L'assassino, come si sa, torna sempre sul luogo del delitto; e anche il Treggista Militante®, se sente di avere qualche piccolo conto in sospeso. Ve ne ricordate di questa betoniera abbandonata in un campo vicinissimo a casa mia? Ho la fortuna di abitare in un quartiere mezzo di città e mezzo di campagna, a un metro dal fiume; e non vorrò mai abbastanza bene all'Isolotto, anche per la quantità e per la qualità delle tregge che ammannisce. Insomma, era il 25 marzo 2012, a primavera appena iniziata, e durante un giro per la parte campagnola del quartiere, ecco questo stupefacente mezzo da lavoro in mezzo al suo campo, ma semisommerso dalla sterpaglia invernale del tutto secca. La quale, ovviamente, copriva la targa.

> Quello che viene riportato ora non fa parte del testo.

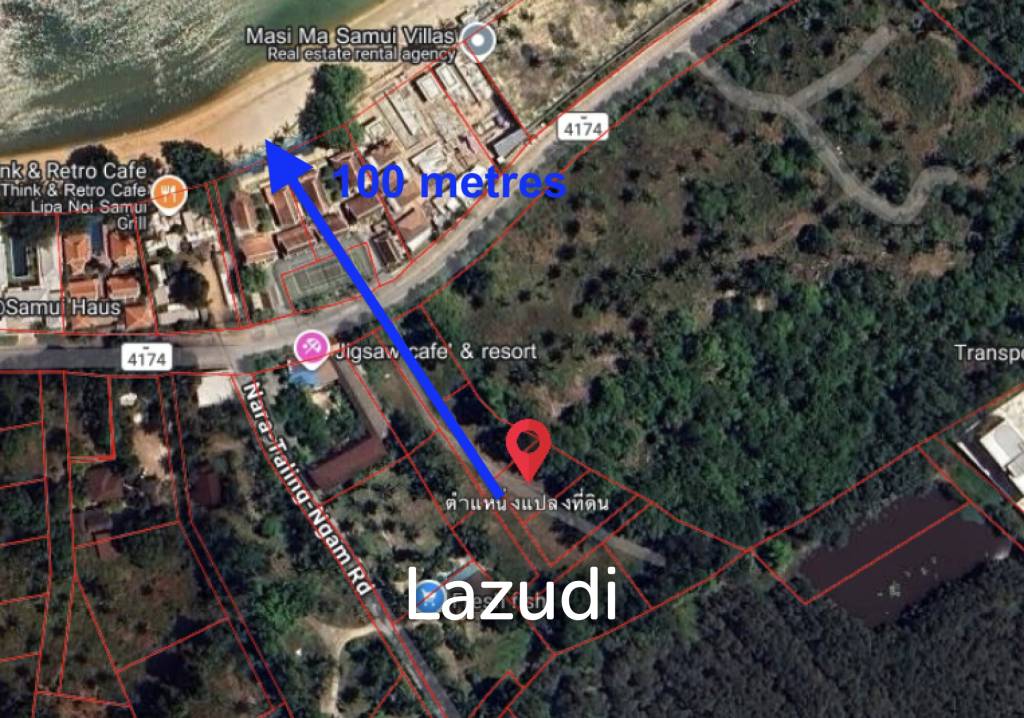 Prime Flat Land Plot Just 100m from Lipa Noi Beach – Koh Samui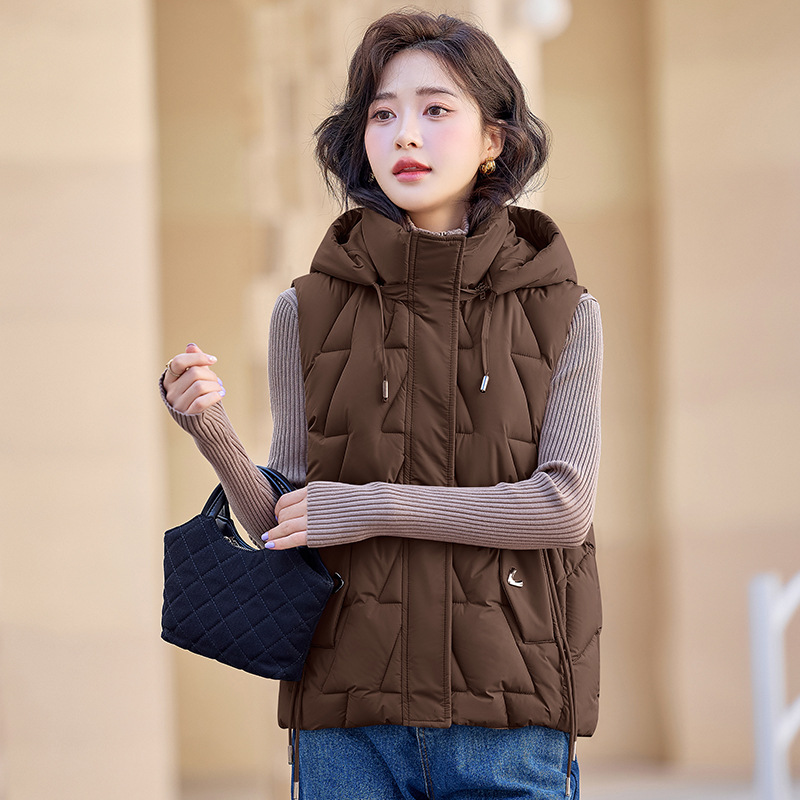Gran chaleco de caballo para mujeres otoño-invierno 2025 nuevo chaleco de hombro pequeño chaleco de estilo coreano corto chaqueta de caballo para mujeres image 10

Stavolta, invece, ci sono tornato a fine aprile. Con la tenera erbetta verde, la natura che si è risvegliata e tutto il resto; soprattutto, senza la sterpaglia copritarga. Purtroppo, nessuna questione d'entrare nel campo recintato; anche se fossi riuscito a scavalcare, c'è un fosso piuttosto profondo che lo separa dalla strada. Però la targa, stavolta, si vedeva; la prima volta non mi ero accorto neppure che la avesse ancora. Teleobiettivo al massimo, ed ecco questa interessantissima cosa che è venuta fuori. Ho provveduto, naturalmente, ad un ulteriore ingrandimento:
Si riesce ora a vedere meglio? Insomma, ve lo dico io. La betoniera abbandonata è targata FI 93[000] e qualcosa; il che la riporta nientepopodimeno che al 1956.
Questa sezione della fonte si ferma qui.